Secondly, the absence of land reforms has worsened the challenges in rural India. In Punjab and Haryana, the bottom 50 % of the smallholders owned 0.47 % of the land in 1953-54. The figure increased to 0.52 % in 1961-62 but fell to 0.28 % by 1971-72 before increasing marginally over the next decade to end at 0.32 % by 1982. The number of households in Punjab without land or on sub-marginal land holdings (less than 0.99 acres) has only grown. In the same period, “middle peasants” saw their share of land holdings rise from 22.69 % to 34.19 % of total land under cultivation. The 10th agriculture census of 2015-16 shows that small and marginal farmers with less than two hectares of land account for 86.2 % of all farmers in India but own just 47.3 % of the crop area. In comparison, semi-medium and medium land holding farmers (owning between 2-10 hectares of land) account for 13.2 % of all farmers, but own 43.6 % of crop area.

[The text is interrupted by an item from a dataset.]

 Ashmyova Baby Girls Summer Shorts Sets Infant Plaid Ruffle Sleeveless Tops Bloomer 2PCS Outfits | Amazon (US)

The National Statistical Office’s (NSO) household consumer expenditure survey for 2017- 2018 shows that inflation-adjusted consumer spending in 2017-18 fell for the first time in four decades. India’s monthly per capita consumption expenditure in FY 2017-18 was Rs 1,446, down 3.7 % from Rs 1,501 in 2011-12, the last time the NSO conducted this survey. The average money spent every month by rural residents in 2017-18 was 8.8 % less than six years earlier, while urban consumption was up 2 %. The disparity in land holdings coupled with an exacerbating rural-urban divide points to rural distress.

Do the new farm laws address these problems? A study by the NCAER shows that the Bihar experiment of scrapping APMC markets in 2006 has not improved its agricultural performance. Farm growth in the state averaged 2.04 %, lower than the all-India average of 3.12 % in the period between 2001-02 and 2016-17. However, the post-reforms period does show an increase in the average wholesale prices of major crops. The average price of paddy increased by 126 %, wheat by 66 %, and maize by 81 %, the authors remarked. But the simultaneous increase in volatility of prices affected the “stability of farmers’ income”, ultimately affecting their ability to invest and diversify. This instability in prices, the authors note, could be a reason for Bihar’s lower agricultural growth. Another analysis by the Chaudhary Charan Singh National Institute of Agriculture Marketing (CCSNIAM) conducted in 2011-12, states that after APMC market yards were abolished in the state, there has been hardly any private investment in new marketplaces.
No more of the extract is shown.